**DATA**
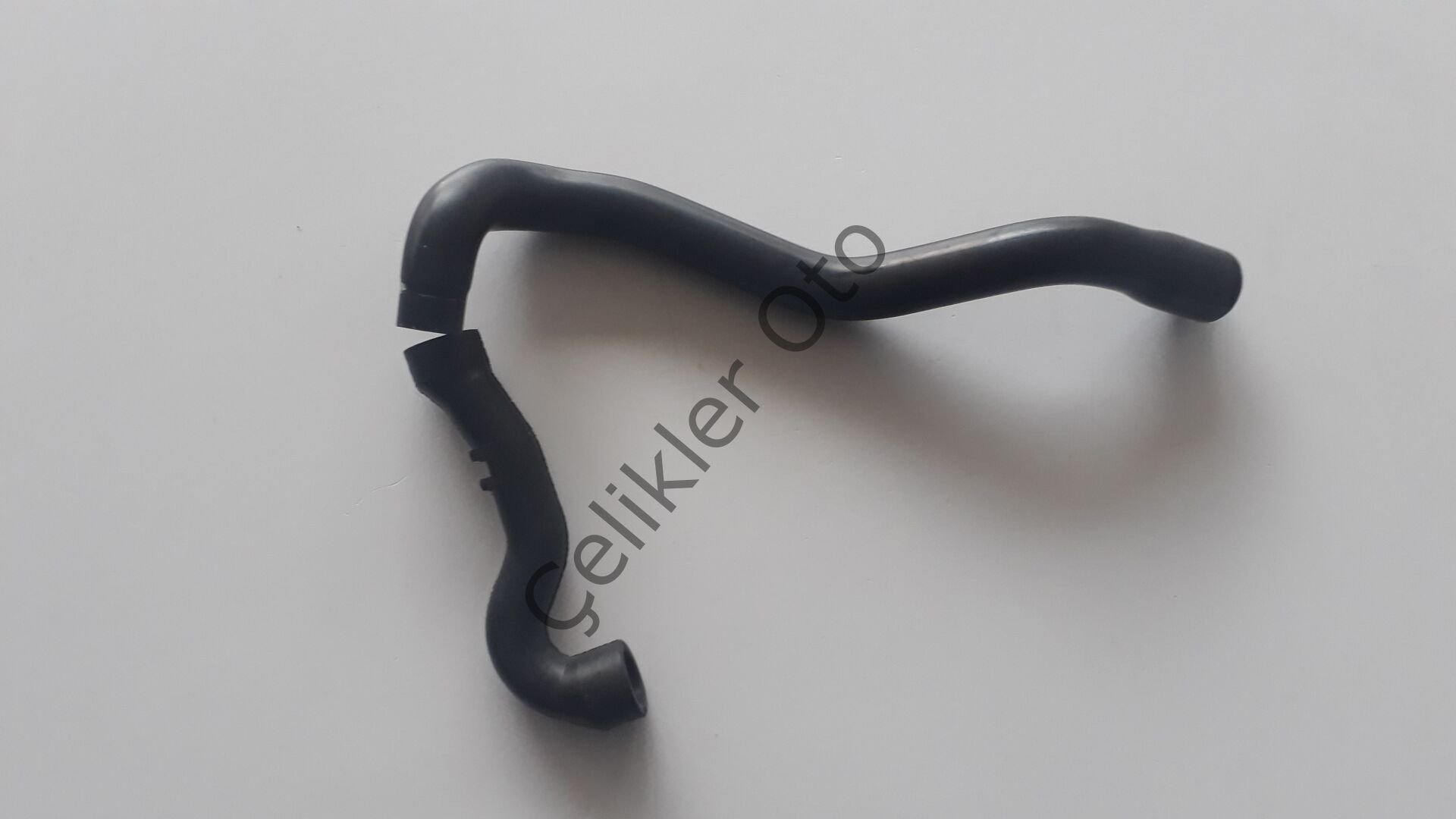 Karter Havalandırma Hortumu S70 C70 V70 S60 S80 XC70 XC90 8692217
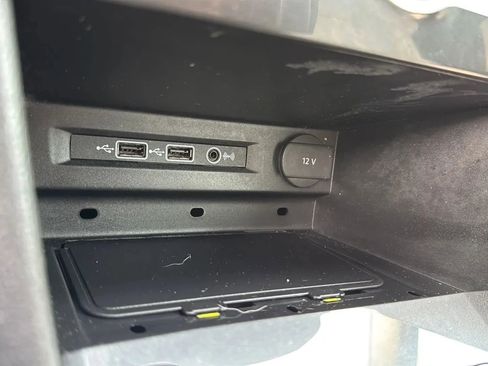 Used 2019 Volkswagen Tiguan SE AWD/4WD image 19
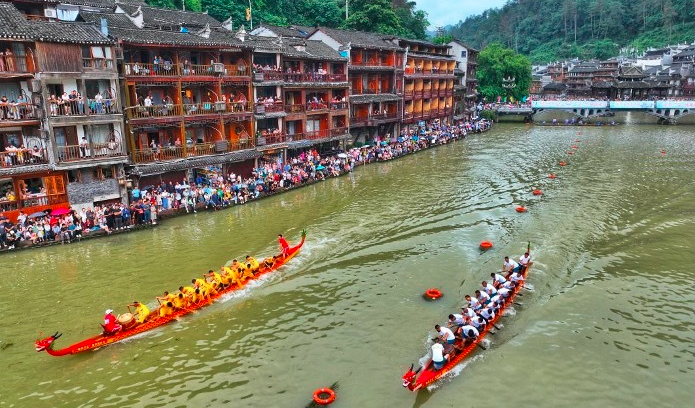 端午假期湖南迎客416.39万人次，实现营业收入4.82亿元，同比增长53.88%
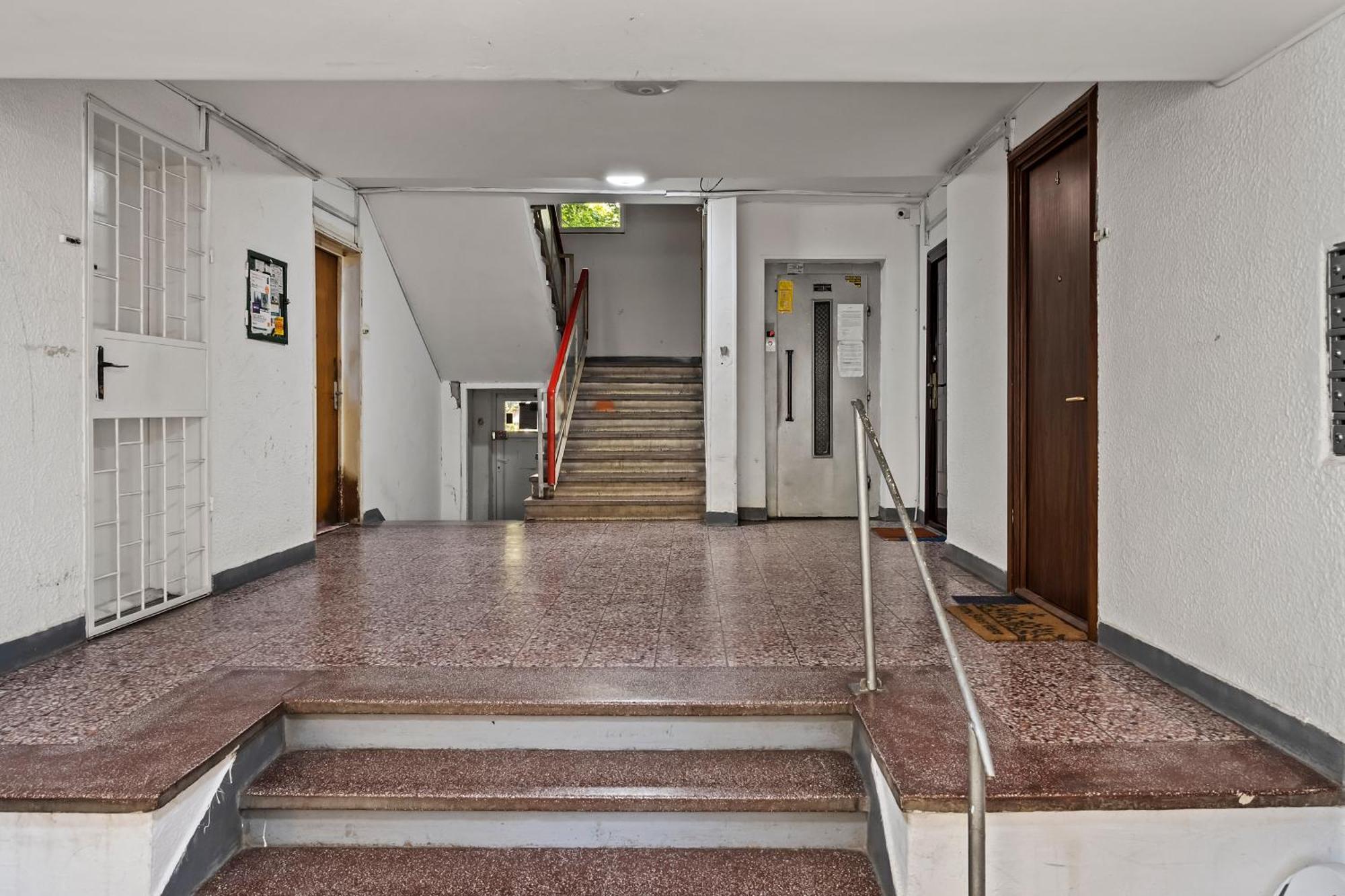 Apartament De Lux Drumul Taberei Bukarest Exterior foto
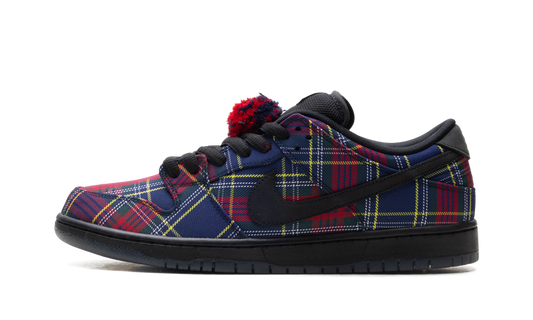 SB Dunk Low "Nardwuar" II1493 600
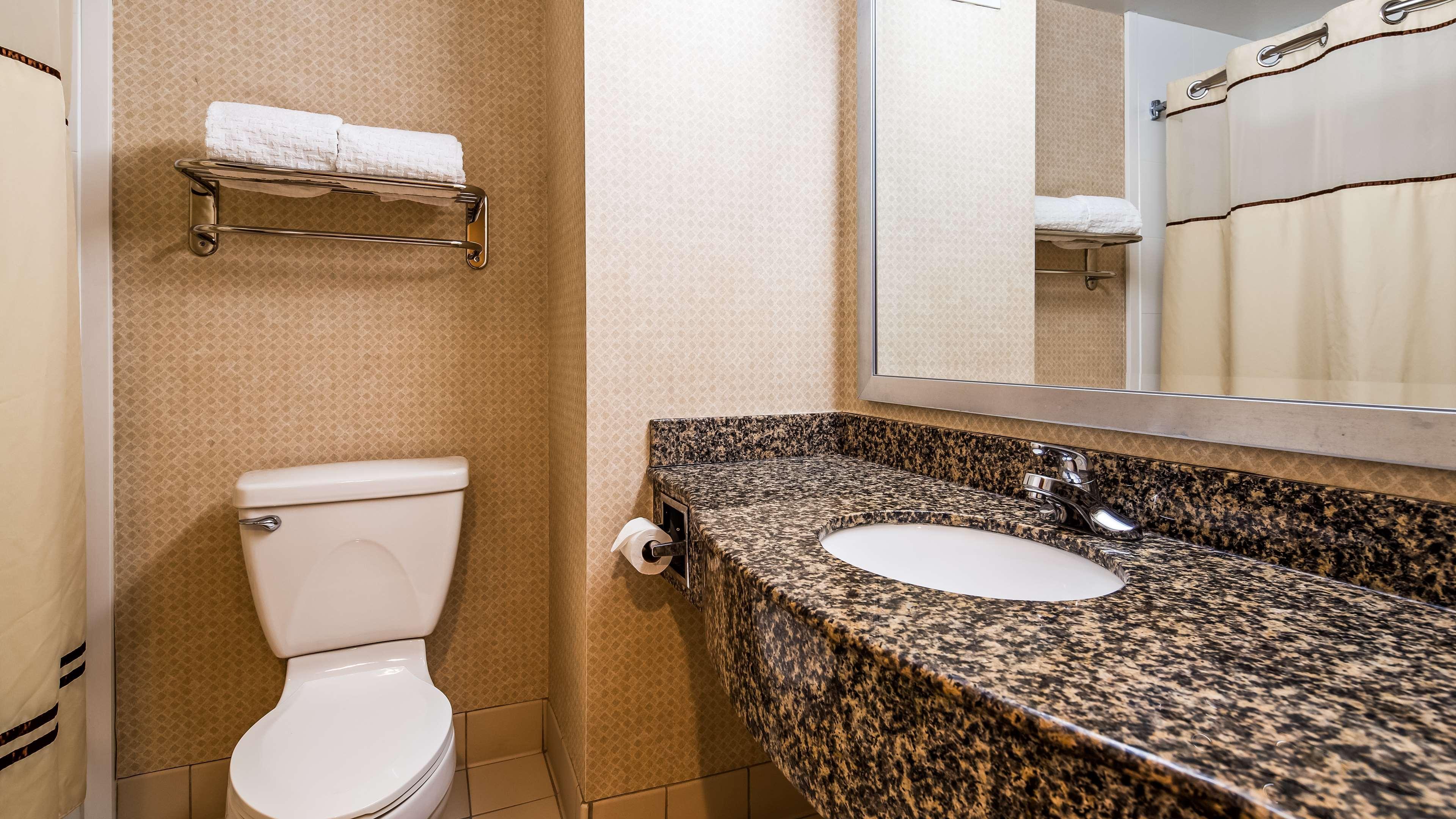 Best Western Bar Harbour Inn Massapequa Park Екстериор снимка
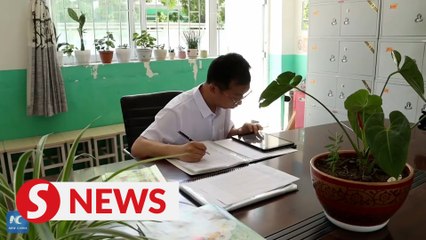 Music teacher in Hebei, China teaches beyond music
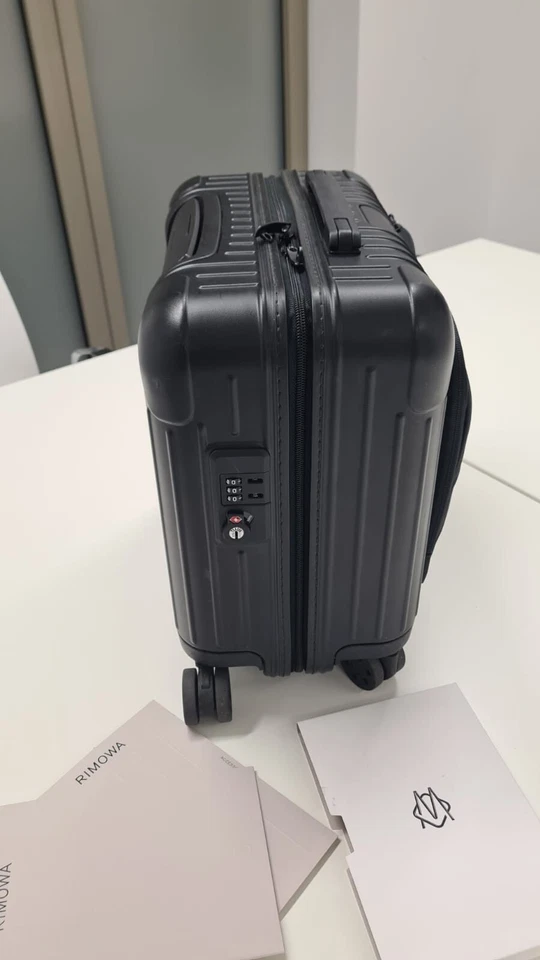 RIMOWA Essential Cabin Compact Koffer mit Laptopfach – Schwarz – NEUWERTIG - Bild 4 von 4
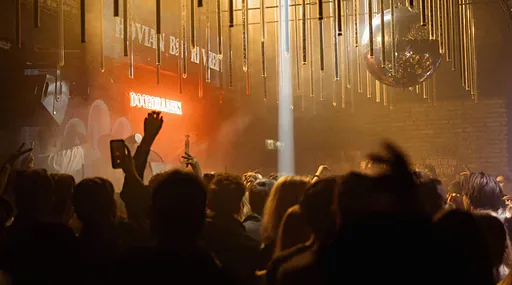 Doordraaien · Neushoorn, Leeuwarden · za 12 sep 2026
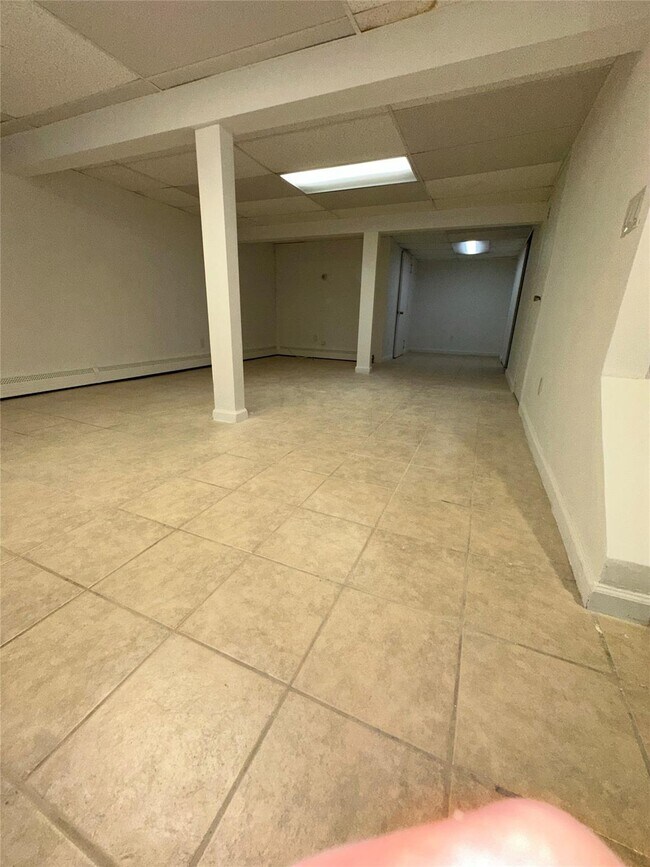 Building Photo - 42 Edgewood Rd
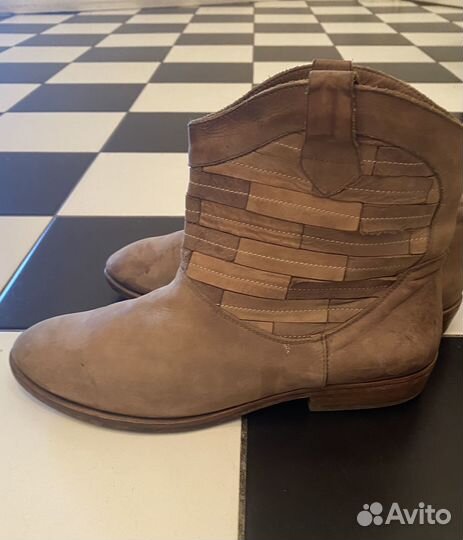 Казаки натуральная кожа Италия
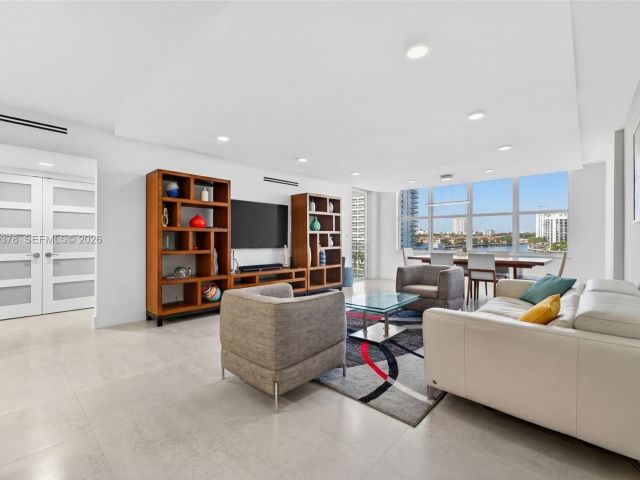 Apartment for sale  Unit #1024 - photo 7534223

**WHAT TO DO**
Once you find the line with "Music teacher in", restate it and every later line of the data word for word, excluding the pictures.

**SOLUTION**
 Music teacher in Hebei, China teaches beyond music
 RIMOWA Essential Cabin Compact Koffer mit Laptopfach – Schwarz – NEUWERTIG - Bild 4 von 4
 Doordraaien · Neushoorn, Leeuwarden · za 12 sep 2026
 Building Photo - 42 Edgewood Rd
 Казаки натуральная кожа Италия
 Apartment for sale  Unit #1024 - photo 7534223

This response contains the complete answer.